*** Opening of Recorded information ***

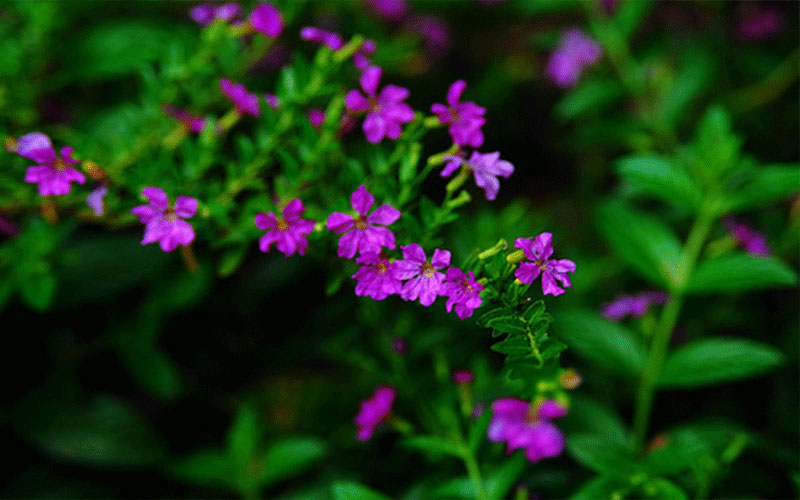 GARDEN CENTER FORT MYERS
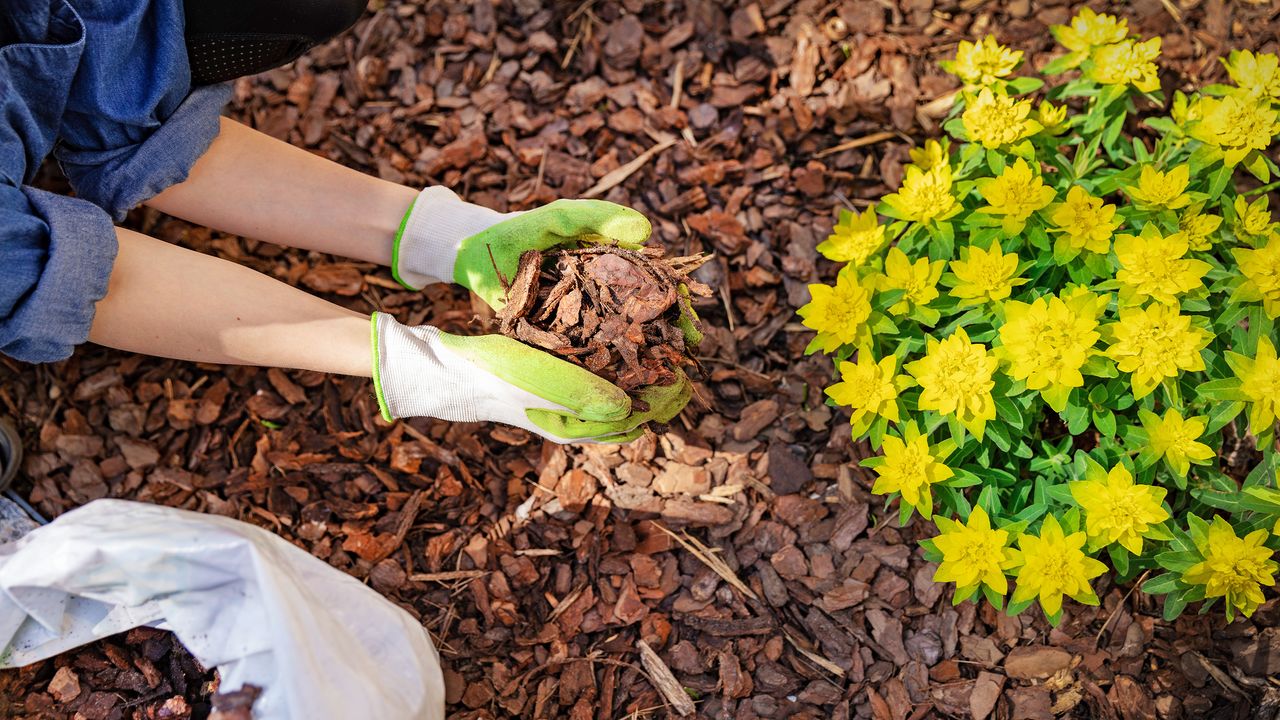 Gardener mulching flower bed with pine tree bark mulch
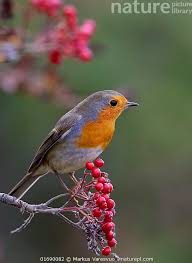 Attēlu rezultāti vaicājumam “Erithacus rubecula”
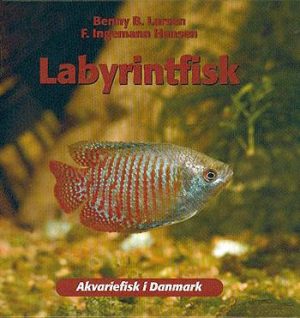 Labyrintfisk (Bog)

*** Close of Recorded information ***

§ **Your instructions**
Would it be possible to give the material above again exactly, with the pictures left out?

§ **Output for this exercise**
 GARDEN CENTER FORT MYERS
 Gardener mulching flower bed with pine tree bark mulch
 Attēlu rezultāti vaicājumam “Erithacus rubecula”
 Labyrintfisk (Bog)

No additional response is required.